18th Chief Justice of Virginia
- In office October 1, 1946 – October 4, 1947
- Preceded by: Preston W. Campbell
- Succeeded by: Edward W. Hudgins

Justice of the Supreme Court of Virginia
- In office June 1, 1928 – October 4, 1947
- Preceded by: Martin P. Burks
- Succeeded by: Willis D. Miller

Personal details
- Born: Henry Winston Holt September 14, 1864 Wakefield, Virginia, U.S.
- Died: October 4, 1947 (aged 83) Augusta, Virginia, U.S.
- Resting place: Thornrose Cemetery
- Spouse: Mary Caperton Braxton
- Children: 5
- Relatives: Saxon W. Holt (brother)
- Alma mater: Virginia Military Institute Washington and Lee University (LLB)

= Henry W. Holt =

American judge (1864–1947)

Henry Winston Holt (September 14, 1864 – October 4, 1947) was an American judge from Virginia. He served as justice of the Supreme Court of Virginia from 1928 to his death in 1947.

==Early life==
Henry W. Holt was born in Isle of Wight County to Virginia Henry and Micajah Quincy Holt. He was raised in Surry County, Virginia. His preparatory education was received at Hanover Academy in Hanover County, Virginia after which he attended Massachusetts Institute of Technology for two years and the Virginia Military Institute in 1886. He attended Virginia Military Institute in 1886 and then transferred to Washington and Lee University School of Law, graduating with a Bachelor of Laws in 1888. He was a member of Phi Beta Kappa.

==Career==
After graduating, Holt practiced law in Wichita, Kansas. In 1888, he moved to Staunton, Virginia. In 1891, he was Commandant of Cadets at Staunton Military Academy. He served on the Corporation Court of Buena Vista from 1893 to 1896. He practiced law for four years and was named judge of the Corporation Court in Staunton around 1900. In 1912, he was appointed judge of the 18th Judicial Court of Virginia. He served in that role for 16 years.

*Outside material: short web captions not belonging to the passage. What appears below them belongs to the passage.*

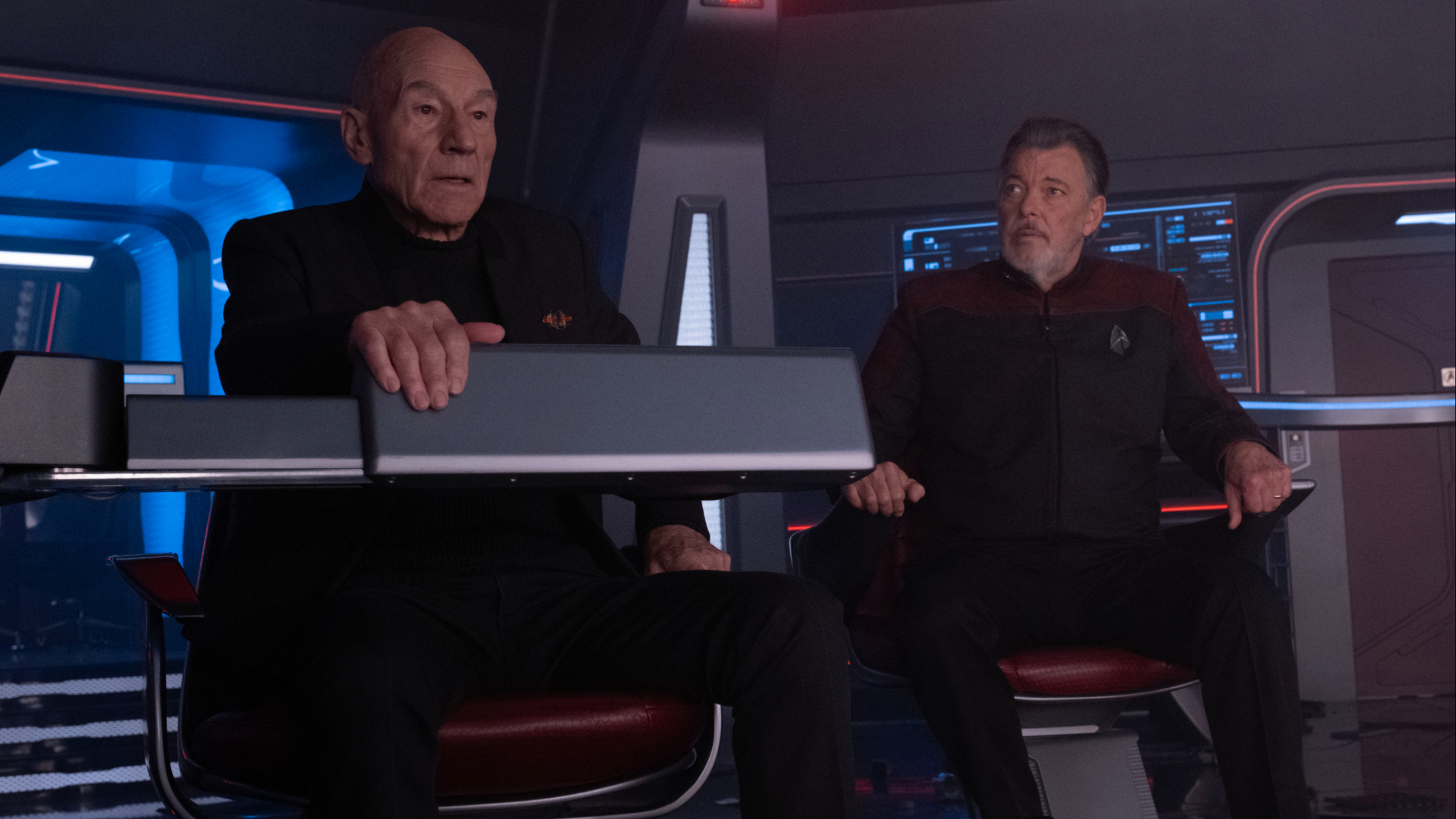 Patrick Stewart et Jonathan Frakes dans Star Trek : Picard saison 3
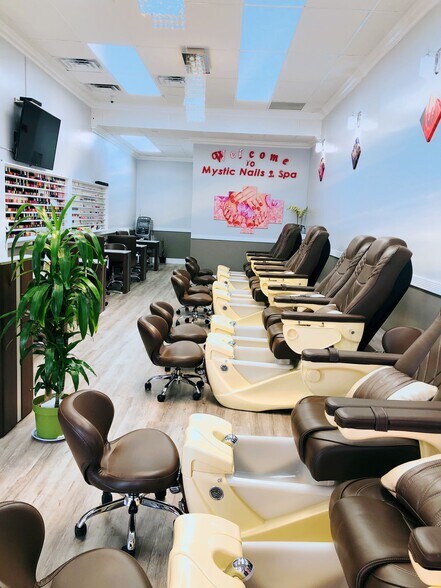 More Photos Of 11032-11042 Ventura Blvd, Studio City Storefront For Lease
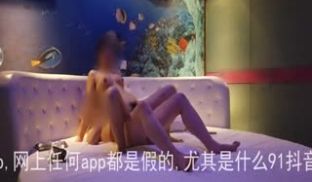 炮友最爱的一个姿势，能看到全部插，腿翘的真高
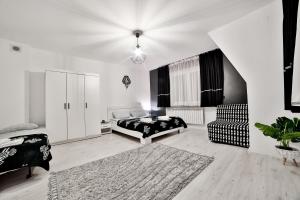 Apartament Czarna Perła z balkonem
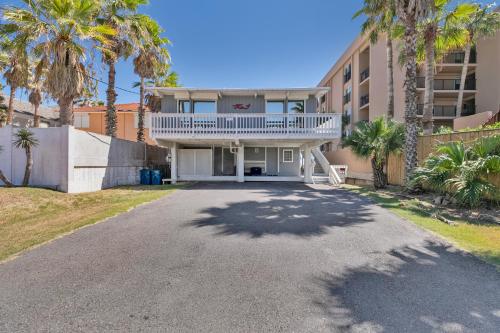 The Mermaid House Home - image 10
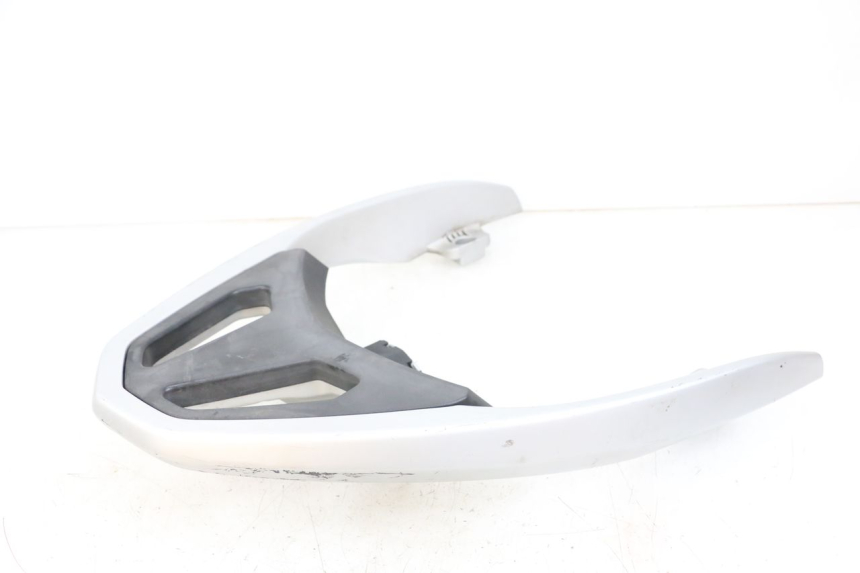 photo de Bagażnik tylni PEUGEOT GEOPOLIS RS 125 (2007 - 2009) - Zbliżenie techniczne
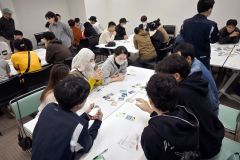 かるたで防災特有の日本語を学ぶ外国人技能実習生ら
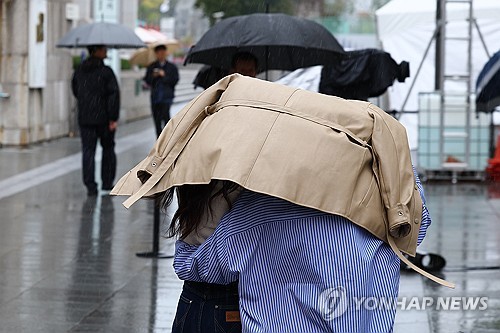 간밤 이례적 '10월 집중호우'…동해안 중심으로 비 이어져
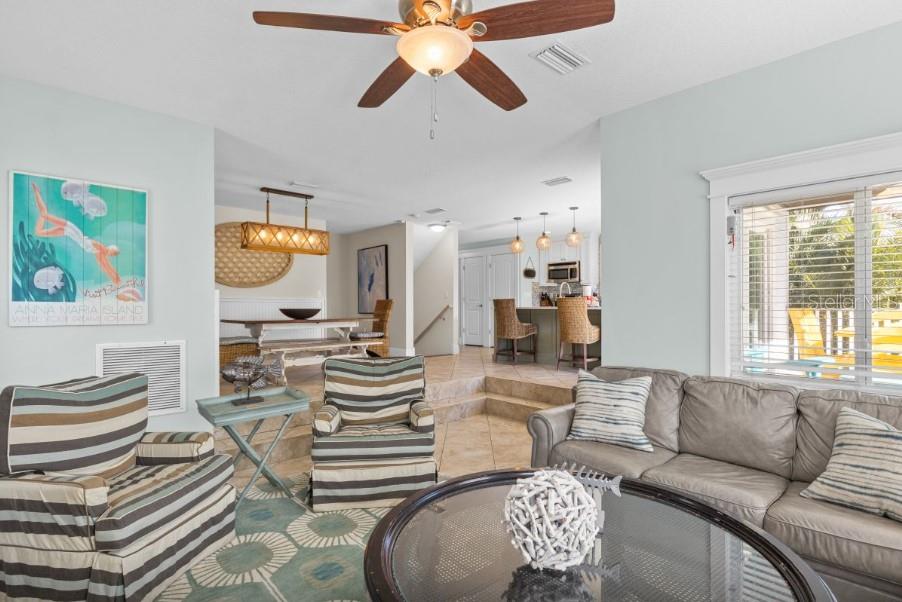 Image 5 of 58 For 117 Willow Avenue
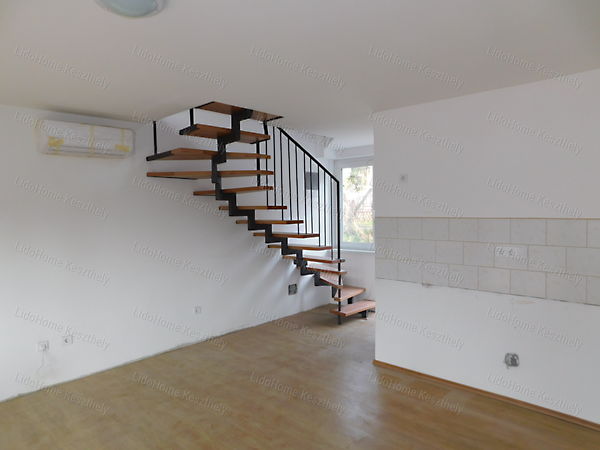 Eladó lakás Badacsonytomaj, Badacsony 2. kép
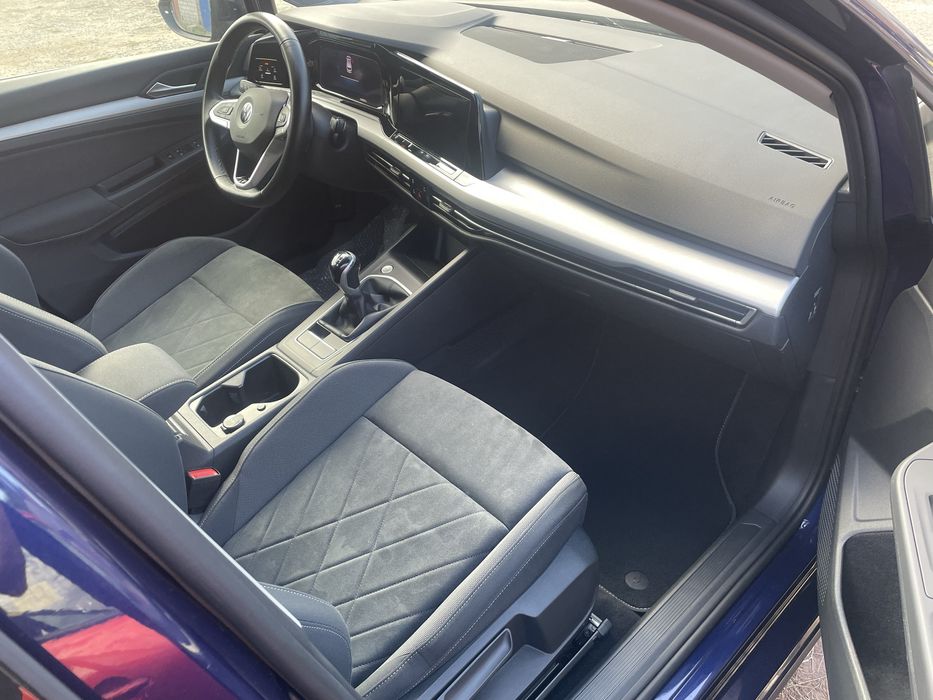 VW Golf 8 /2.0 дизель/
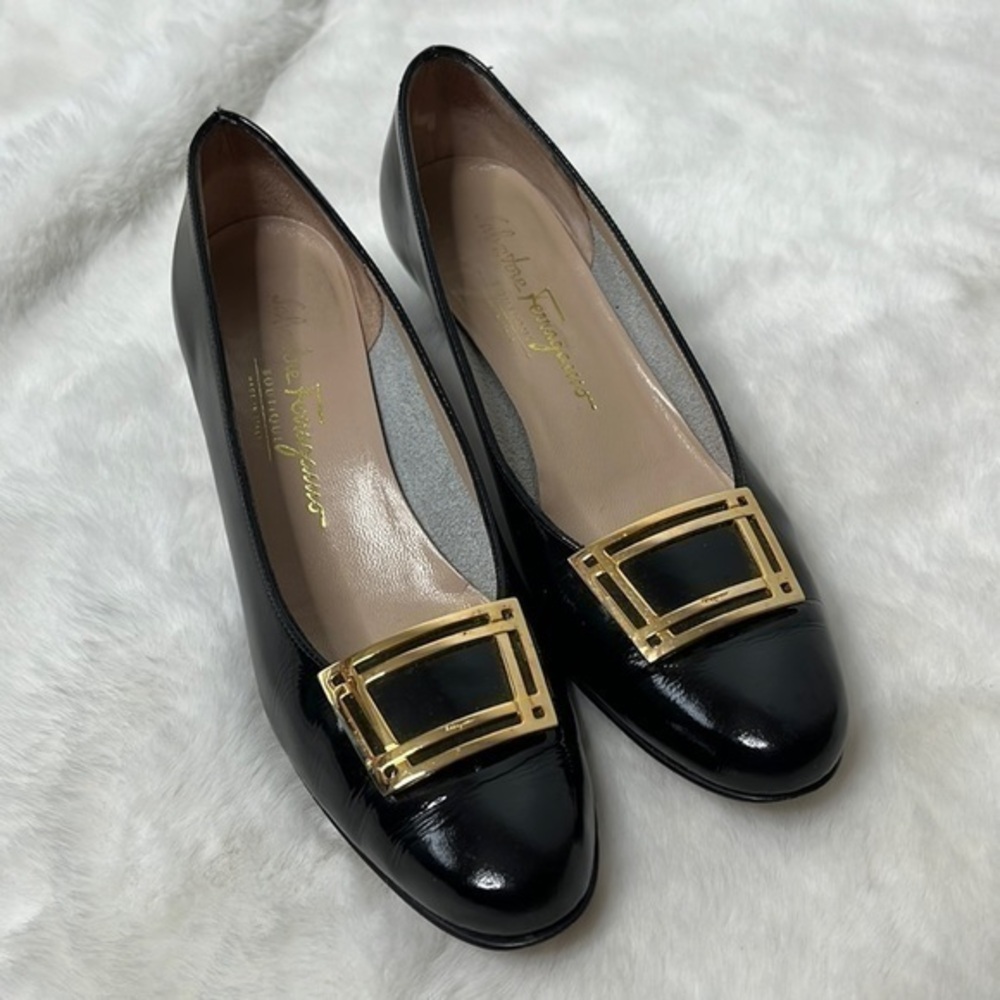 Salvatore Ferragamo buckle Black Leather pumps Sz 7.5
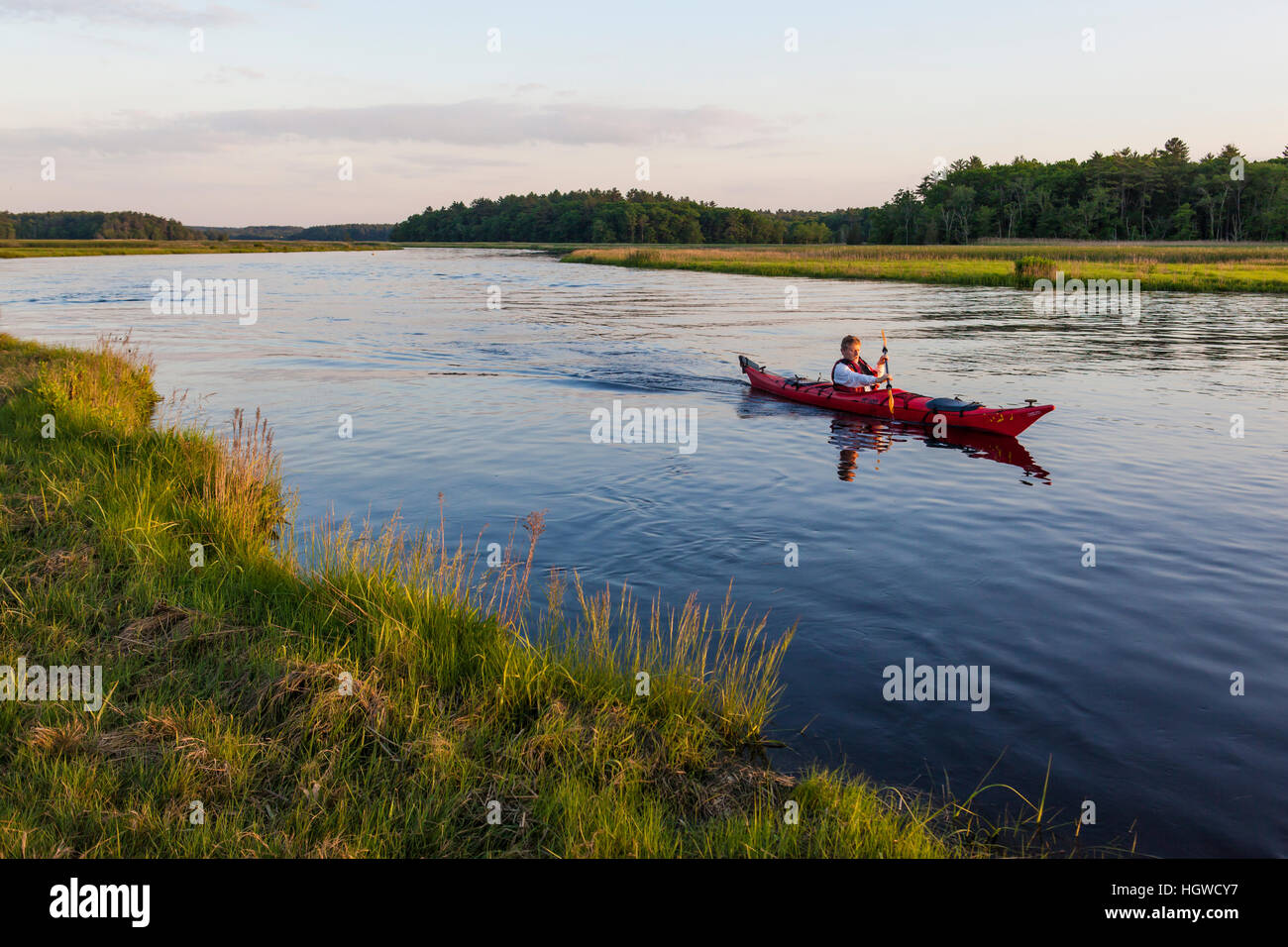 Un uomo in kayak sul fiume del Nord in Marshfield, Massachusetts. Vicino Emilson Farm. Foto Stock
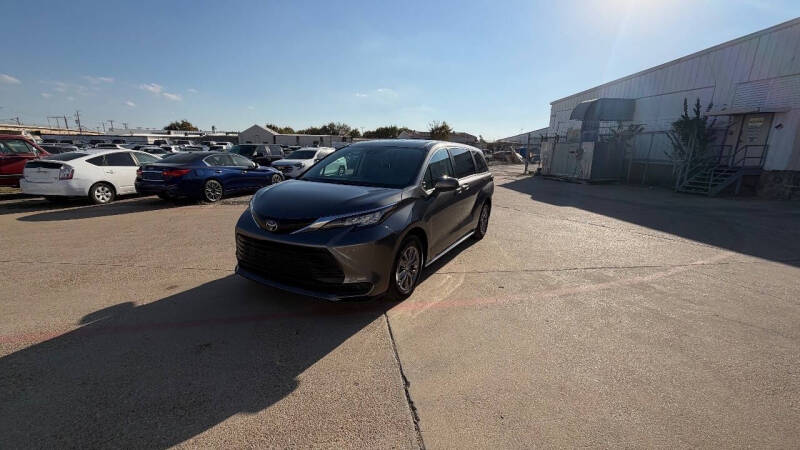 2023 Toyota Sienna LE 8-Passenger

In 1924, Judge Holt was elected to the Special Court of Appeals and, in 1928, to the Supreme Court of Appeals. Holt was appointed by Governor Harry F. Byrd to succeed Martin P. Burks as associate justice. In 1946, he succeeded Preston W. Campbell as chief justice of the Supreme Court of Appeals. He served in that role until his death.

==Personal life==
Holt had five children, Mrs. George F. Rosenberger, H. Winston Jr., Virginia, Esta and Mrs. Rodney Washburn. His brother was Virginia lieutenant governor Saxon W. Holt.

Holt died following a heart attack on October 4, 1947, at his home in Staunton. He was buried in Thornrose Cemetery.

==Awards and legacy==
In 1929, Holt received an honorary doctorate from Washington and Lee University.

The University of Virginia acquired his papers, along with those of his brother in law Allen Caperton Braxton.